ATAC-seq libraries were trimmed to remove illumina adapters using SeqPurge (Sturm et al., 2016) and mapped to the mouse reference genome (mm9) using Bowtie2 v2.3.4.1 with the following parameters “--very-sensitive -X 2000 --no-mixed --no-discordant” (Langmead and Salzberg, 2012). PCR duplicate reads were removed using Picard MarkDuplicates v2.17.10 (http://broadinstitute.github.io/picard). The reads were filtered using samtools v1.5 for a minimum mapping quality of 10 and only properly paired reads were retained. Additionally, any reads aligning to the mitochondrial chromosome were removed. Peaks were called subsequently on each sample using macs2 v2.1.1.20160309 with the following parameters “--keep-dup all -f –nomodel –call_summits -q 0.05” (Zhang et al., 2008). Peaks were filtered against the ENCODE blacklist (https://sites.google.com/site/anshulkundaje/projects/blacklists). Combined peaks set with fixed width (500bp wide) was generated by first running IDR 2.0.4 on the replicates of each sample to find peaks that are consistent between replicates, we then merged peaks from all samples by expanding all summits to 500bp, in cases where multiple peaks merged together we split into most possible non overlapping peaks going from strongest summits to weakest. Number of fragments within peaks were counted using featureCounts (Liao et al., 2014).

To determine differential peaks, the raw counts matrix was used as input into DESeq2 (Love et al., 2014) and edgeR (Nikolayeva and Robinson, 2014) both in a pairwise way between all samples and between treatments (PR/TDP) against GFP (Figure S2G–S2L). We then took top 3960 differential peaks and clustered the log2 (CPM) values (obtained using edgeR with library size normalization) using K-means++ (K = 12) (https://github.com/tanaylab/tglkmeans). We used motifMatcher (part of chromVar package) to call TF binding sites within each of the 3960 peaks, using hypergeometric test we computed the enrichment of each TF within each cluster compared to the other 3960 differential peaks.
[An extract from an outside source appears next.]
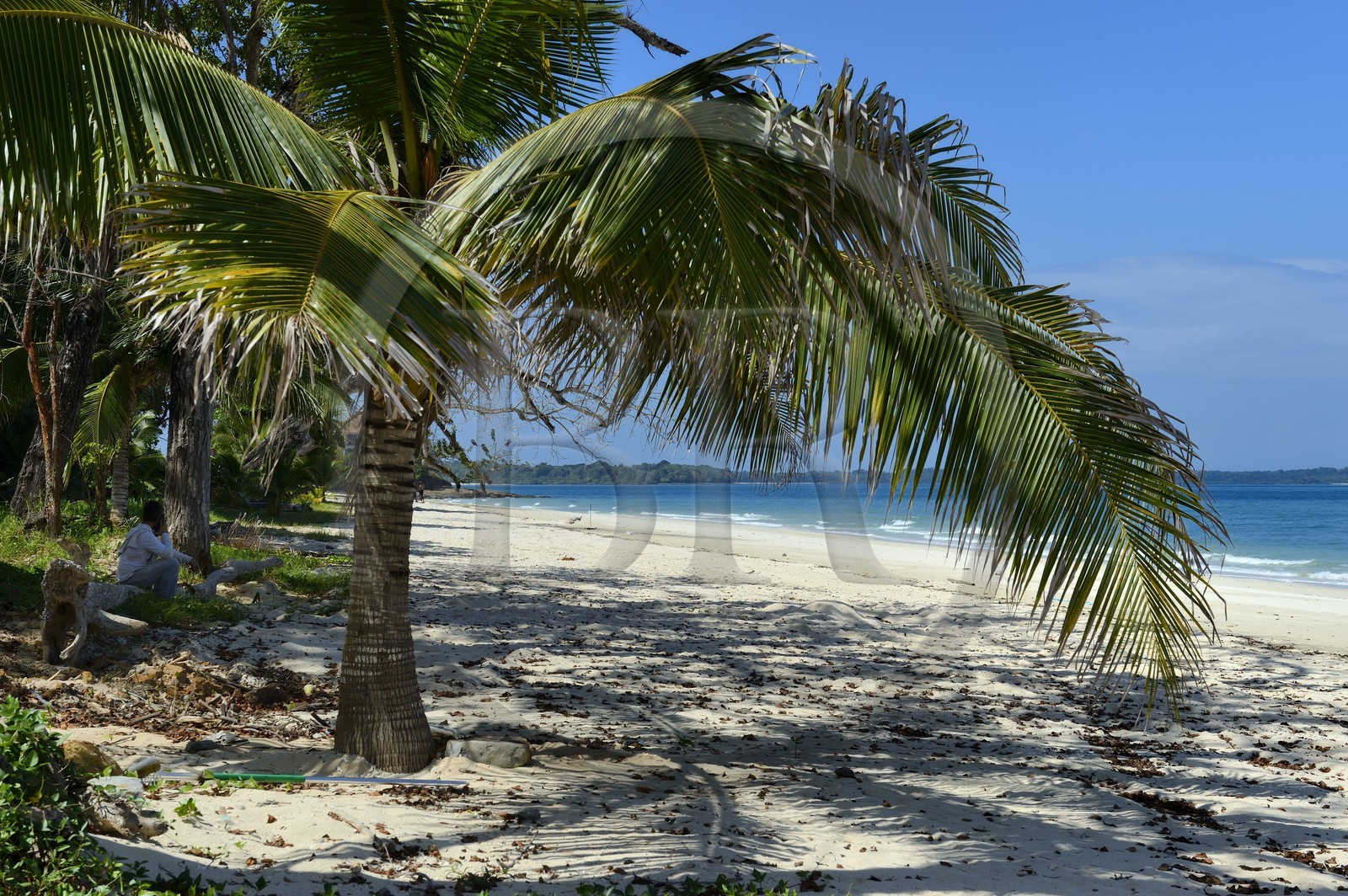 Panama, archipel des Perles, Isla Viveros, plage de sable blanc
To compute TF motif deviations, chromVAR was used in R with raw counts in all peaks and then the top 100 variable TF motifs were determined using variability scores (Schep et al., 2017).

To generate motif match matrices, motifs from the curated, high-confidence JASPAR2016 vertebrate core database were obtained. We called significant motif matches in peaks, or subsets of peaks, using JASPAR motif position weight matrices and the function “matchMotifs” from the “motifmatchr” and “chromVAR” packages v1.8.0 (https://bioconductor.org/packages/release/bioc/html/chromVAR.html), resulting in a binary peaks-by-matches matrix. To compute enrichments, we defined foreground and background peak sets according to the specific question addressed, then performed a two-sided Fisher’s Exact test for the over or under representation of each motif in the foreground set. For K-means cluster motif enrichments, we aggregated all peaks from a given K-means cluster and tallied the total number of matches for each motif in the cluster, and we used all of the other clusters as the background.

RNA-seq

RNA was isolated from primary neurons treated for 20, 40 and 60h with either GFP, (PR)₅₀, TDP-43 or untreated. To obtain RNA from the same neurons that were used for ATAC-seq, we performed sequential lysis. Neurons were first lysed in ATAC-seq resuspension RSB buffer, followed by sequential RNA extraction and isolation in RLT buffer of the QIAGEN RNeasy Plus Micro Kit (QIAGEN), according to the manufacturer’s protocol. In brief, cells were lysed, homogenized, and loaded on a genomic DNA (gDNA) eliminator column. After removal of genomic DNA, RNA was purified using RNeasy spin columns. RNA quantity and purity were determined by optical density measurements of OD260/280 and OD230/260 using a NanoDrop spectrophotometer. Structural integrity of the total RNA was assessed using a 2200 TapeStation Instrument with RNA ScreenTapes (Agilent Technologies, Santa Clara, CA). mRNA libraries were prepared using a SureSelect Strand-Specific RNA Library Preparation kit for Illumina (G9691B) on an Agilent Bravo Automated Liquid Handling Platform, following the manufacturer’s protocol. Libraries were sequenced on an Illumina HiSeq 4000.

RNA-seq Analysis

Alignment of RNA-sequencing reads to the mouse mm10 transcriptome was performed using STAR v2.7.3a (Dobin et al., 2013) following ENCODE standard options, read counts were generated using RSEM v1.3.1, and differential expression analysis was performed in R v3.6.1 using the DESeq2 package v1.38.0 (Love et al., 2014), detailed pipeline v2.0.1 and options available on https://github.com/emc2cube/Bioinformatics/ and the Visualization Pipeline for RNA-seq (VIPER)(Cornwell et al., 2018). We took 6109 differentially expressed genes (DEG) between all samples and clustered the Z-score changes using K-means++ (K = 6) (https://github.com/tanaylab/tglkmeans). For each cluster we performed KEGG pathway enrichment between the genes found in the cluster to all DEG using gProfiler (https://biit.cs.ut.ee/gprofiler).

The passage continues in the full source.